Gotcha--my bad, I agree with you 100%


----------



## mondeo (Nov 15, 2008)

awf170 said:


> I suck, but that's because I skied bumps 2 out my 70 days last season.





Greg said:


> If it's not hard, why do you suck?



Apparently Greg is in the minority that thinks reading comprehension is overrated.


----------



## tjf67 (Nov 15, 2008)

eastcoastpowderhound said:


> freakin CLITS!  you guys all need a bumper sticker that says "I'd rather be ass noodling"  :lol:



BAHA  Rather be ass noodling.  That is funny.


----------



## awf170 (Nov 15, 2008)

Greg said:


> If it's not hard, why do you suck?



Because I skied bumps at Mt. Snow with you guys, and one at MRG in April.  The rest of the year I was touring, skiing woods, or trying to perfect GSS goose stompin' method of GS turning small bumps.
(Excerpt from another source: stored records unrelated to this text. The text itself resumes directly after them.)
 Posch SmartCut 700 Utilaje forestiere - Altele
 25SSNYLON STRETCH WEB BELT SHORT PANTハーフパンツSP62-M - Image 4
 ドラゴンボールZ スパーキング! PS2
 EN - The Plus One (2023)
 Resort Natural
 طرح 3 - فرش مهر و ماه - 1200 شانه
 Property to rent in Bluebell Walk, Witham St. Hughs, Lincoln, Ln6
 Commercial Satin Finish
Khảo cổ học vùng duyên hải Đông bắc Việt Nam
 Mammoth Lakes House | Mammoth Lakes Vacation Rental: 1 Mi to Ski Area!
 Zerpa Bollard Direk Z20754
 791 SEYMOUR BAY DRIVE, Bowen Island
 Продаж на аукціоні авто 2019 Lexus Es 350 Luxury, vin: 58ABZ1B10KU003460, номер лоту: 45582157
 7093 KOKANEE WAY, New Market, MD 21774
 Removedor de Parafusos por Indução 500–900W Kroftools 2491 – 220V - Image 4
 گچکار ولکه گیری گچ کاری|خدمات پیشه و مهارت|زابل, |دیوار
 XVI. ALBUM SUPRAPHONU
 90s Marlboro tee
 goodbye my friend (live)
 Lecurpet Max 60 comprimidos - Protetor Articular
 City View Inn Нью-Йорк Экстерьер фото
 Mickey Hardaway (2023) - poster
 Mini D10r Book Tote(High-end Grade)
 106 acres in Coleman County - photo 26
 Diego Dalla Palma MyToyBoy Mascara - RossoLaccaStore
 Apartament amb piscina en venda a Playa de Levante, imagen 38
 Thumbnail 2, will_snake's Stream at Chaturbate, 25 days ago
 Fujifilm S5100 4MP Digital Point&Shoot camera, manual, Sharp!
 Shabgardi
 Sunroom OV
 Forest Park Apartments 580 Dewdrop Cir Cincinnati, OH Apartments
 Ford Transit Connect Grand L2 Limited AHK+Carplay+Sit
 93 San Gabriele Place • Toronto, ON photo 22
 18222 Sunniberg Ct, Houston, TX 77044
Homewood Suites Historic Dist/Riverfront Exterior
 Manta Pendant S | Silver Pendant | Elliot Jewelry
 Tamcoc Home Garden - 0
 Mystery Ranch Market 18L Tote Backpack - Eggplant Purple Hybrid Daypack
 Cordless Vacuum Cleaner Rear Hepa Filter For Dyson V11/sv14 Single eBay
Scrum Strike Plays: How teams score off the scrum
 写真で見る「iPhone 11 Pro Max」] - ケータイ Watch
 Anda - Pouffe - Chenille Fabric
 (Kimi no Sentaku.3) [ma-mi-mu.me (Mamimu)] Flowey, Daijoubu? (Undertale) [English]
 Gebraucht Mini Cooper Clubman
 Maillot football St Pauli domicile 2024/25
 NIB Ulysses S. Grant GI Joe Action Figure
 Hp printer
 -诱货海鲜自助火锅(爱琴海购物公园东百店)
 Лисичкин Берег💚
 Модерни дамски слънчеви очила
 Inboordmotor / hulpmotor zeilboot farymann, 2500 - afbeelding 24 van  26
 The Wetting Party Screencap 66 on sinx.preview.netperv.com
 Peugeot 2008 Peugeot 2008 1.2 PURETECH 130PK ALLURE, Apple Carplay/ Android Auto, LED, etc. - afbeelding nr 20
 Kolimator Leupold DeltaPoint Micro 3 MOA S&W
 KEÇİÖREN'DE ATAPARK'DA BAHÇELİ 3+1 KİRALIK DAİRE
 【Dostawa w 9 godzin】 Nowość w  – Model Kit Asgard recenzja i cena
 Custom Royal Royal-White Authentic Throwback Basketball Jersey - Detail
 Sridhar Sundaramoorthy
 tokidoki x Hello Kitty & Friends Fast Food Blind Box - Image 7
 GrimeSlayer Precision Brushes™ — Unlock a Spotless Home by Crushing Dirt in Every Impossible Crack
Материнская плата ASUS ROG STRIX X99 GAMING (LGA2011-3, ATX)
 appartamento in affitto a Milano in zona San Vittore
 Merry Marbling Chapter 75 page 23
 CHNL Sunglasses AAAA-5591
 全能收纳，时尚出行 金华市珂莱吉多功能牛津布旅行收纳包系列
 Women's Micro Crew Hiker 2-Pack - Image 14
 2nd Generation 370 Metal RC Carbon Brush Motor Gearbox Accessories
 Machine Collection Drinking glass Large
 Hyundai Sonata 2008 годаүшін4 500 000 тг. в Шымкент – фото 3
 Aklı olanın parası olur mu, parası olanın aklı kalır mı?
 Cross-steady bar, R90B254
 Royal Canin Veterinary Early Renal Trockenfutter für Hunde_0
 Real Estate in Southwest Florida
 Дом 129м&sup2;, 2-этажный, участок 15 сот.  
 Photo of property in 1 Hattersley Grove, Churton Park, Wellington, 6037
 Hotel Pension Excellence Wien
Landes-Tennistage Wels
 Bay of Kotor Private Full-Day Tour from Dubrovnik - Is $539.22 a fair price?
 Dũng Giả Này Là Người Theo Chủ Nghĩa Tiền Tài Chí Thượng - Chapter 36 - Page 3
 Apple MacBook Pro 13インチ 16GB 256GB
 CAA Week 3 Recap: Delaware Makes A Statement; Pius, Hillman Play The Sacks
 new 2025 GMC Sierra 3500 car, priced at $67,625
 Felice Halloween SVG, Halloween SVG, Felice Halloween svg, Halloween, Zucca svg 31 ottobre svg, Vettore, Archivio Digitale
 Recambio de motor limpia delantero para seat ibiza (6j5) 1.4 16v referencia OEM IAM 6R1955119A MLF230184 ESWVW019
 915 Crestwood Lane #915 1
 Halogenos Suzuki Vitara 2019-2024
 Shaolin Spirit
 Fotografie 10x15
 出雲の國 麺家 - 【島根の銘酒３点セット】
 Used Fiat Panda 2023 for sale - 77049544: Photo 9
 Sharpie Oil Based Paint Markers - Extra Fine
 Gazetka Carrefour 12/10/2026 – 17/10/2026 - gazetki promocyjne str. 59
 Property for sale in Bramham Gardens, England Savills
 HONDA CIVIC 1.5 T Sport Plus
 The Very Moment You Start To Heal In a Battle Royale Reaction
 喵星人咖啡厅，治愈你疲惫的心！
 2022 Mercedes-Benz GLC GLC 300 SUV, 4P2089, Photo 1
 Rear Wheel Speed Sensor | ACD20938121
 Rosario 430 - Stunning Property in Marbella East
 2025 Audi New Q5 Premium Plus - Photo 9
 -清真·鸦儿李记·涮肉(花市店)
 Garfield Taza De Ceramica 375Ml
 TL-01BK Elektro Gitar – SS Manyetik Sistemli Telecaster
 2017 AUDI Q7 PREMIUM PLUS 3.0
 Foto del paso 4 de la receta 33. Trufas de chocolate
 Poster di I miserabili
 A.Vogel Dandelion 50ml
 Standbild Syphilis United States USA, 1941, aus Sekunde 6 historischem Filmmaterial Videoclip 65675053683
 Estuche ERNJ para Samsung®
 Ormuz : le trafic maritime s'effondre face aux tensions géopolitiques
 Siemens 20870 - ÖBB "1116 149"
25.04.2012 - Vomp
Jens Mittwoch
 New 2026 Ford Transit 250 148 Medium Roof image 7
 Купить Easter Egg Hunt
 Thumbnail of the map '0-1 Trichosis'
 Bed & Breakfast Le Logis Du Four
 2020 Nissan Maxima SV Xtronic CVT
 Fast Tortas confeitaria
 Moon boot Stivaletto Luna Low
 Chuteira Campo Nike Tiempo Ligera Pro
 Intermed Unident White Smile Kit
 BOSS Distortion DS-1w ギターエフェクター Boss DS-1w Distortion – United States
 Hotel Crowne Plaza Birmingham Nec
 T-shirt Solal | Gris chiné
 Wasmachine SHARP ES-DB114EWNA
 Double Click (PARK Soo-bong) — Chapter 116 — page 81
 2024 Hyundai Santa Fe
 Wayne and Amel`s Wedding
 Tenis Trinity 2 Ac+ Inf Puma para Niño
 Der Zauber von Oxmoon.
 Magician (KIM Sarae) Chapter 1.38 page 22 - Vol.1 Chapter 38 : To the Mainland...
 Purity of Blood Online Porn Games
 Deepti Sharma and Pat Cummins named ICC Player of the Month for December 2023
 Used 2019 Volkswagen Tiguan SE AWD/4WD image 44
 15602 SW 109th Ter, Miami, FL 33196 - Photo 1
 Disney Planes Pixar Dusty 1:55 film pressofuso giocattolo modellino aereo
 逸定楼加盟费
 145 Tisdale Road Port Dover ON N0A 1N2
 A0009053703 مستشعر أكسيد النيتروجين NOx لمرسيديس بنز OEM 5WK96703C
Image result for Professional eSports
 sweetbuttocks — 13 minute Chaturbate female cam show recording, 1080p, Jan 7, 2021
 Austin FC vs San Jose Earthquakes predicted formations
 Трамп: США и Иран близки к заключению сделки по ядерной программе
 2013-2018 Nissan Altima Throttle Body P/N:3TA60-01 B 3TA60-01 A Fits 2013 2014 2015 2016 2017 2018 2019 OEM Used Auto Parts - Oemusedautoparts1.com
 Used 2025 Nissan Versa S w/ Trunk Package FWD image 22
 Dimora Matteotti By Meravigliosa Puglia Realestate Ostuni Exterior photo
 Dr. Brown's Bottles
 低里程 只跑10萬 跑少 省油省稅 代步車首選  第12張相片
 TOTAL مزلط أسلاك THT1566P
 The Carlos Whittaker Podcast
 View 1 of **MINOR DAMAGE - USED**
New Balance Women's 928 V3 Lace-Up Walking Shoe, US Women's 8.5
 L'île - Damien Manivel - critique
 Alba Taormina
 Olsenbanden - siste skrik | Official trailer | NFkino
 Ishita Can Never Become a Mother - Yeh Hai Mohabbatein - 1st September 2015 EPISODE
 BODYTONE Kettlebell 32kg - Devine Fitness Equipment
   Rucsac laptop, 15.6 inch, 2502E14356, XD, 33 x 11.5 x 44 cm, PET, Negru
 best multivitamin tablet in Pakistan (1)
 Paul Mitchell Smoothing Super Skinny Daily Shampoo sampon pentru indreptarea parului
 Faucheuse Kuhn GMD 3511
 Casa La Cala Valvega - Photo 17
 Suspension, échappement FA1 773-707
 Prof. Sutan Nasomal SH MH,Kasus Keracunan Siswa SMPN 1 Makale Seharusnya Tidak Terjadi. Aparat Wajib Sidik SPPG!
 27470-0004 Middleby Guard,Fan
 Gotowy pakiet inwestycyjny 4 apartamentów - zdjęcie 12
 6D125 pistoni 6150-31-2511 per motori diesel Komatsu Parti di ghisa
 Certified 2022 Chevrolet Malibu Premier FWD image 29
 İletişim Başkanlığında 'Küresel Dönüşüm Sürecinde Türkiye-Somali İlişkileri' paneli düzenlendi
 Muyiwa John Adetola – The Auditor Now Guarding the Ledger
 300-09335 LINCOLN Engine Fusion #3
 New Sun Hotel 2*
This year though, it's going to be different.  I need to get into training mode for the Jan. Sundown comp.  Sure I would rather be skiing woods, but the fact that I'll able to talk trash for months to come if I beat the CLITS, will be well worth the effort.  


Though I'll probably wreck in the comp, come in last place, and get made fun of non-stop for the rest of the season.  That would be pretty hilarious.:lol:


----------



## deadheadskier (Nov 15, 2008)

awf170 said:


> Sugarbush is really over rated.  If you're a good skier I have no idea why you would choose it over Mansfield.



fixed


----------



## PA Ridge Racer (Nov 15, 2008)

- I like Stratton AND their faux base village 
- I ski in Pennsylvania most of the winter (don't really have a choice there) but enjoy it.
- For those who do ski in Pennsylvania, I prefer Jack Frost to Blue, Camelback or Sno


----------



## skibum9995 (Nov 15, 2008)

Groomers are fun.


----------



## jack97 (Nov 15, 2008)

MRGisevil said:


> Way too much emphasis on gear.




hmm... agree 50% or maybe i should disagree 50%, not sure which way to go?

skis are overemphasized, boots are underemphasized. imo, boots are the most important gear especially when @ss noodling.


----------



## jarrodski (Nov 15, 2008)

got a couple... no need for sharp edges.  they just hang up.  
no need to buckle your boots, it just makes your feet tired..
.Boots can never have enough forward lean... its the friggin athletic stance... 
never enough flex (in any direction) don;t rely on plastic to make your skiing work... 

polypropelene socks are a waste of money, as are face warmers and ski gloves.  Gloves are readily available at hardware stores accross the country 

poles should never cost more than coffee


----------



## crank (Nov 15, 2008)

Cotton does not kill  and it makes for a really comforable base layer.

MRG is over rated.

Whiteface skis like a tilted ironing board and is boring.

Mt. Snow isn't worth the bother.

And yes, skiing in the rain does suck.


----------



## ozzy (Nov 15, 2008)

Geoff said:


> I think an early 1980's turn looks more elegant than a 2008 turn.  I submit an Ingmar Stenmark clip as my supporting evidence.



+1 there


----------



## GrilledSteezeSandwich (Nov 15, 2008)

andyzee said:


> Skiing in the rain (drizzle, not downpour) is a great experience. Had some of best days under such conditions, no crowds, snow texture is nice.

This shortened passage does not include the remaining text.